May 29 (Bloomberg) -- Most Chinese stocks fell, led by telecommunications companies and commodity producers.
The Shanghai Composite Index was little changed as more than two shares slid for each that rose at 10:54 a.m. local time. ZTE Corp., China’s second-largest maker of phone equipment, dropped 1.5 percent. Shandong Gold Mining Co. retreated for a fourth day as bullion prices declined to a three-month low. Yanzhou Coal Mining Co. lost 3.8 percent.
Investors are weighing the scope of government efforts to support growth in the world’s second-largest economy as analysts predict the weakest annual expansion since 1990. The finance ministry will accelerate its scheduled budget spending amid downward pressure on the economy, according to a statement on its website.
“The market consensus is that the economy is facing relatively big pressure on a downward trend,” said Wu Kan, a money manager at Shanghai-based Dragon Life Insurance Co., which oversees about $3.3 billion. “Going forward, we would see some stimulus measures.”
The CSI 300 Index was little changed at 2,170.28. The Hang Seng China Enterprises Index climbed 0.7 percent. The Bloomberg China-US Equity Index added 0.6 percent in New York yesterday.
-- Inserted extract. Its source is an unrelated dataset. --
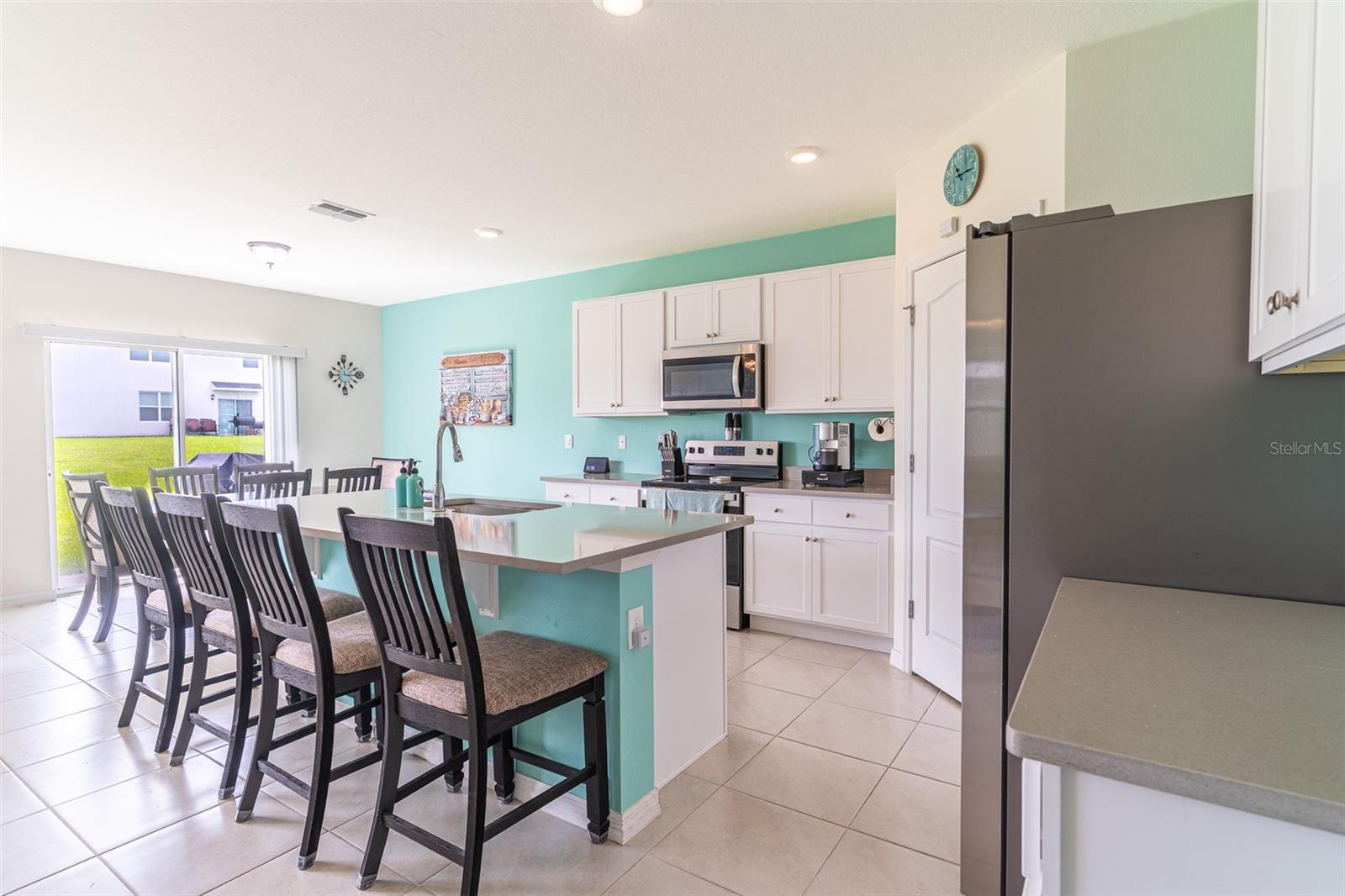 1328 DAISY FIELD DR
China’s economy is generally stable and positive changes have appeared in structural adjustment, Premier Li Keqiang said, according to China Central Television. Li also said there were still uncertainties and unstable factors in the global recovery, CCTV reported.
The Shanghai Composite has advanced 1.2 percent in May, heading for the first monthly gain since February. The index is valued at 7.6 times 12-month projected earnings, compared with the five-year average multiple of 11.7, according to data compiled by Bloomberg.